O discurso da vitimização — o segundo tipo de discurso de autoapresentação — constrói-se por referência a um sistema social (económico, cultural e judicial) que as rotula. Para Vera [16 anos]: “estou mais sujeita a estas situações por ser pobre, por ser negra, por morar em zonas menos boas”; para Anita [16 anos]: “[o] tribunal inventou bué de cenas, que não ia ao curso, às entrevistas […]”; para Elisabete [14 anos] a narrativa constrói-se por referência a terceiros: “eu apanhei dois anos fechada aqui dentro e elas [coautoras na prática dos ilícitos] apanharam acompanhamento educativo”.

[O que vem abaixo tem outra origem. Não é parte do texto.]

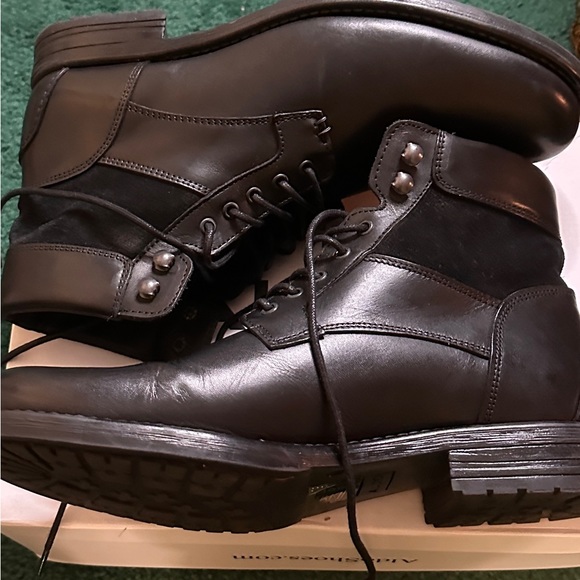 Men Black Leather Dundonald Boots. Size: 11, - Picture 3 of 8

Estes discursos de vitimização não deixam, contudo, de ser acompanhados de um discurso de superação, de força e de dureza, como algo que as caracteriza. Ser donas do seu destino, dar uma reviravolta na vida, seguir em frente ou lutar por aquilo que querem são figurações recorrentes nos seus discursos.
Ambivalências narrativas
As dissonâncias narrativas são um traço característico dos discursos e são bastante visíveis em dois principais aspetos: na idealização discursiva e nas oscilações entre discursos normativos e desviantes. É idealizando coisas, pessoas e relações que estas jovens constroem e dão sentido às suas vidas. É comum, neste processo, procurar modificar ou evitar retratar determinadas situações ou comportamentos das figuras das suas narrativas, devido à necessidade de afastar o confronto com as emoções negativas que possam emergir. Este mecanismo de regulação emocional, enquanto processo afetivo, faz com que as jovens imaginem como gostariam que fosse o “seu mundo”, construindo narrativas pautadas por comportamentos “justificados” e emocionalmente neutros.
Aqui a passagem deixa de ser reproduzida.